11 responses to “Fiction Rule of Thumb”

  1. Todd says:

    "Rose is a rose is a rose is a rose."

  2. RevFisk says:

    I haven't LoL in a long time. Thx! XD

  3. Nick Lannon says:

    Don't let fantasy fans see this one…!

  4. Bonnie says:

    I was just going to say the same thing, Nick! LOTR fans will NOT be happy!

  5. StampDawg says:

    Well, remember that the curve approaches but doesn't touch zero. So while it may be improbable that a novel with a gazillion made up words is good, it's possible.

    So Tolkien is covered.

    Anyway, in the LOTR and the Hobbit Tolkien generally doesn't make up words, except for place names (Mordor, Gondor, etc.) and of course people names. There's a few beasties he makes up (orcs, hobbits) but largely his world is constructed with English words that most everyone knows.

    It's the BAD fantasy novels (and Lord knows they are legion) that make up words by the boatload.

  6. Jeff Hual says:

    I'm reminded of the South Park episode with the alien "Marclars", who call everything Marclar…Such as, "Hey, Marclar, put the Marclar in the Marclar, and then get in the Marclar, so that we can go back to Marclar…"

    Does anyone else remember that? OK, it's just me. Anyway…

  7. Stephanie says:

    It should be noted that on the actual XKCD site the mouseover text exempts Lewis Carroll and Tolkien.
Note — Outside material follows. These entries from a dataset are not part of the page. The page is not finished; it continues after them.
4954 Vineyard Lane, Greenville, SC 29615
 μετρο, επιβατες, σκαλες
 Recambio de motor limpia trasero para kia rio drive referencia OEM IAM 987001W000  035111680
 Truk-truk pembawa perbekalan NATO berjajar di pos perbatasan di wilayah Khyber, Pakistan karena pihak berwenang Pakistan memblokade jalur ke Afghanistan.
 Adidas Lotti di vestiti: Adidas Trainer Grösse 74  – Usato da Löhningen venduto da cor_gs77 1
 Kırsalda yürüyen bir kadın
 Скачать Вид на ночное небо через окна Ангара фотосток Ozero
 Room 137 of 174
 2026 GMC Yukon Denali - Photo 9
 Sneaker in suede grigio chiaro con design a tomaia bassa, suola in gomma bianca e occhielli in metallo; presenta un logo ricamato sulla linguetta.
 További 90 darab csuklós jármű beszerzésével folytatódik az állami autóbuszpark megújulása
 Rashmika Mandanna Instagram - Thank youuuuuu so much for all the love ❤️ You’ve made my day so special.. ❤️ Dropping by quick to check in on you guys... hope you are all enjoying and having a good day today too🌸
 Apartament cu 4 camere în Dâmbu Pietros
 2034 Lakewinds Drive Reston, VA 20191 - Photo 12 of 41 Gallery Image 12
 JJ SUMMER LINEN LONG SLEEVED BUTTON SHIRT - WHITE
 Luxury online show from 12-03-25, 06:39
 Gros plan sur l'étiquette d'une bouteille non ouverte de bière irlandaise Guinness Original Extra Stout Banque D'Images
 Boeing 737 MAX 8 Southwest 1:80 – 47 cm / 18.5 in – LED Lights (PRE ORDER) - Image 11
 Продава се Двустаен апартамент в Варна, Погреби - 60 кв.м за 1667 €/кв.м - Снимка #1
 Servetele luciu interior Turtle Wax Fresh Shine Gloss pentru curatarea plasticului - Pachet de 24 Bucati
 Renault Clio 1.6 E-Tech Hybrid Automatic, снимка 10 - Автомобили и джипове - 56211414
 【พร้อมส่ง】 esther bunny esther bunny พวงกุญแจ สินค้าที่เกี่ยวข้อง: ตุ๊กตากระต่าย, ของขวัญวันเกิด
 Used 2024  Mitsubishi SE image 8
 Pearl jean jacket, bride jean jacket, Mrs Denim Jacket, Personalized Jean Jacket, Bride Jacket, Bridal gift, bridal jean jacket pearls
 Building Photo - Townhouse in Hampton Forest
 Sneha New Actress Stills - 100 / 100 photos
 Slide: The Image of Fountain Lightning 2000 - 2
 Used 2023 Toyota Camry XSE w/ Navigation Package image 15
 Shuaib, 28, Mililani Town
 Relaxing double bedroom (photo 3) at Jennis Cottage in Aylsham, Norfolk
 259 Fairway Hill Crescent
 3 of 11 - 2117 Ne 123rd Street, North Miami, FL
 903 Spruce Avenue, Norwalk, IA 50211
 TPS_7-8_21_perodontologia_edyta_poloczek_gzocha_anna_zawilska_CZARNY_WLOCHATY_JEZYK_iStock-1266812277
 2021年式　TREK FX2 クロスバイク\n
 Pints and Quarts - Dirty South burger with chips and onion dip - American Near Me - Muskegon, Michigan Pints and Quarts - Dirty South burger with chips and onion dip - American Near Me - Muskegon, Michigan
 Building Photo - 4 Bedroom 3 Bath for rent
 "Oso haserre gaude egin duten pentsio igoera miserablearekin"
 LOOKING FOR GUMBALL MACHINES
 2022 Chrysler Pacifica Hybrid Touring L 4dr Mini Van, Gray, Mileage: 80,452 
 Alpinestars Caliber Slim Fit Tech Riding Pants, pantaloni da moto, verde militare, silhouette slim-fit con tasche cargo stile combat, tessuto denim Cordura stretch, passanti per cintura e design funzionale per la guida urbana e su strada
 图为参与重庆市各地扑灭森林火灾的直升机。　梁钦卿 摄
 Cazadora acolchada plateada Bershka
  8. Wenatchee the Hatchet says:

    Considering that it's XKCD it's not surprise the only two exemptions are those two authors. 🙂 Both authors were men who by training had technical and theoretical grounds for understanding WHEN it was okay to use made up words. Then at the other end of things there is, I suppose, A Clockwork Orange?

  9. Michael Cooper says:

    Like Picasso, who was trained in classical technique, you have to understand the tradition to tweak it or even turn it on its head. Same thing goes for language. You have to understand the real ones first before you can make up your own. Also, this making up of words for its own sake (which is what I think Stampdog is talking about here) reminds me of Coleridge's distinction between "fancy" and "imagination." For Tolkien and Carroll this activity was an integral part of an imaginative whole, whereas in bad writing it is just "fanciful" window dressing to dress up a thin work to "look like" it actually has some imaginative weight.

  10. Colton says:

    Is Harry Potter exempted or indicted?

  11. Wenatchee the Hatchet says:

    It's true across the art forms that busting the rules only works after you have shown that you understand why the old rules were ever formed. This has not only been the case recently but in earlier epochs of art. Beethoven had to master the forms established by Haydn before he could innovate with them. Debussy mastered the post-Romantic idiom and post-Wagnerian style of the time before rejecting it. It's a common and often dangerously oversimplified complaint about modern arts that they don't know what rules they are breaking but there is something to it. What some of the more pious cranks don't always appreciate is that some of the farthest out in, say, the musical avant garde, came from the Orthodox and Catholic traditions (e.g. Webern, Messiaen, Stravinsky, Penderecki). Penderecki could employ all the harshest devices in the musical avant garde and have it make sense because he used it to narrate the passion of Christ–the breaking of the musical rules at every level worked because he was not breaking any narrative arc depicting the depths of suffering Christ endured for our sake. Confronting the depth of our capacity to harm each other is why Bach's Matthew Passion and Penderecki's Luke Passion are both worth regularly revisiting.

    Jeff, I vaguely remember that South Park episode but it's a dim memory compared to Woodland Critter Christmas.